Fig 4. Screenshots of introgression data search and representation of MUC6 gene.
V. GGVD tools
1. Local UCSC genome browser
Users can search with a gene symbol, or a transcript name, or a genomic region to view SNPs, indels, genomic
signature, genotype patterns, and conserved elements in the global view. Currently, 90 tracks have been released
for the goat ARS1 assembly.
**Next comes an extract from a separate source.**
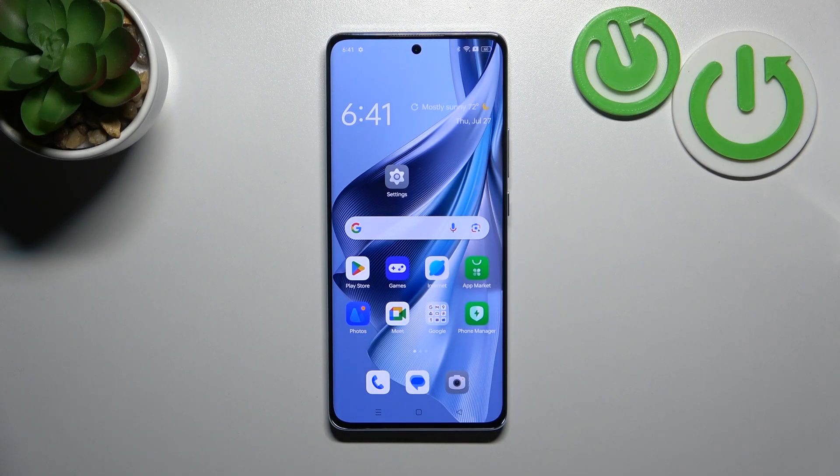Hello, in front of me I've got the Oppo Reno 10. In this video I'll show you how to manage Google Wallet.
The "PDF/PS" item under the "View" menu of navigation bar was used to generate a high
quality image in PostScript or PDF formats.
2. Alignment search tools (BLAT/BLAST)
We introduced two sequence alignment tools, webBlat and viroBLAST. The webBlat can be used to quickly
search for homologous regions of a DNA or mRNA sequence, which can then be displayed in the browser.
ViroBLAST can find regions of local similarity between sequences, which can be used to infer functional
and evolutionary relationships between sequences.
3. Genome coordinate conversion tool (liftOver)
We also introduced a genome coordinate conversion Tool, liftOver. The liftOver tool is used to translate
genomic coordinates from one assembly version into another and also retrieves putative orthologous regions
in other species. Our database produces six liftOver chain files (ASM_vs_CHIR_1.0.minimap2.chain.gz,
ASM_vs_CHIR_2.0.minimap2.chain.gz, CHIR_1.0_vs_ASM.minimap2.chain.gz, CHIR_1.0_vs_CHIR_2.0.minimap2.chain.gz,
CHIR_2.0_vs_ASM.minimap2.chain.gz, and CHIR_2.0_vs_CHIR_1.0.minimap2.chain.gz) and provides an online lift
for any two versions of the goat genome.
4. Genome selective signature scans tool (pcadapt)
GGVD also provide a web tool, pcadapt, for analyzing PCA and detecting selective signatures of user defined
individuals and groups. The pcadapt-related R package is encapsulated in the backend interface and the results
will be sent to the user's mailbox after the submitted task is completed.